Contributing to an existing design system
This client had a well-defined Figma file with established styles and components. My role was to design new page templates that felt native to their existing system — reusing components wherever possible to reduce development time, and only creating new ones where the content genuinely required it.
Designing for different content types
The client needed four distinct resource page types, each serving a different purpose and user need. Rather than applying a one-size-fits-all layout, I designed each with its specific context in mind:
- Audio page layout needed to support embeds from multiple platforms (Buzzsprout, Spotify, and others), so I ensured all embed formats were accounted for and rendered consistently within the layout.
- Video page layout was designed to pair a YouTube embed with supporting text, giving editors space to add context alongside the content.
- Link post page layout was built for sharing external references — a clean, focused layout for a link and the author's commentary around it.
- Article page layout followed a long-form reading layout, with a rich HTML editor area supporting headings, paragraphs, images, pull quotes, and links.

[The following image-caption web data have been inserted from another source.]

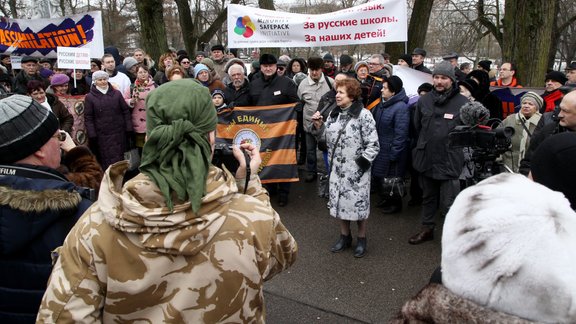 Gājiens pret lēmumu nevirzīt referendumam likumprojektu par mazākumtautību skolu autonomiju - 21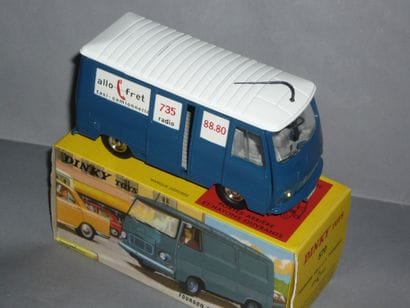 DINKY TOYS n°570 J7 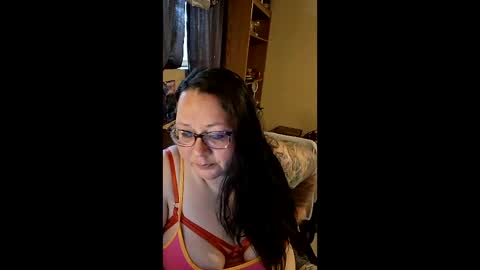 Snapshot of sologirl81 chatting on March 20, 4:34 pm sologirl81 online show from March 20, 4:34 pm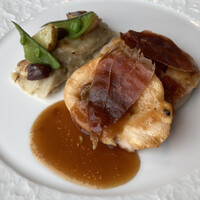 イタリアンダイニング ケシキ - メイン: チキンのインヴォルティーニ キノコ ピスタチオ 生ハム ブラックオリーブ マルサラソース、チキンでグルッと巻かれた具材が煮込まれている。一巻きがデカい、この一品でダメ押しに満腹になった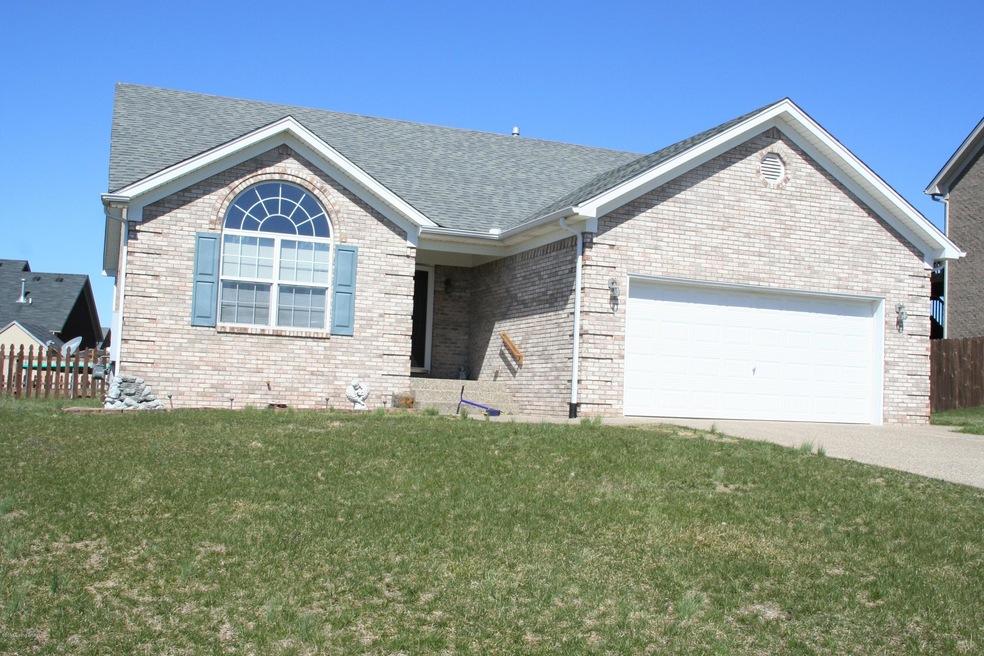 321 Misty Brooke Dr, Mount Washington, KY 40047 - photo 1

Despite these differences, all four page types share a consistent header structure — title, date, and categories always appear in the same position — giving the resource section a coherent feel regardless of content type. Every page also ends with a Related Resources row, surfacing two relevant cards to encourage further exploration.
Process and collaboration
The early stages of the project had some turbulence due to conflicting feedback from the client's team. Once that was resolved, the collaboration became smooth and productive, and after multiple rounds of feedback the client was very happy with the results.
Donations Page
Months later, the same client returned for a smaller follow-on project: a donations page that would embed their existing third-party form. The brief was to make the page feel considered and on-brand while keeping development costs low.
My approach was to reuse an existing card slider component for the surrounding content, and design a custom hero banner to frame the form embed. I also provided recommendations on the form's field structure and order to improve usability before users even reached the submit button — stepping slightly beyond the design brief to flag something that would affect the experience.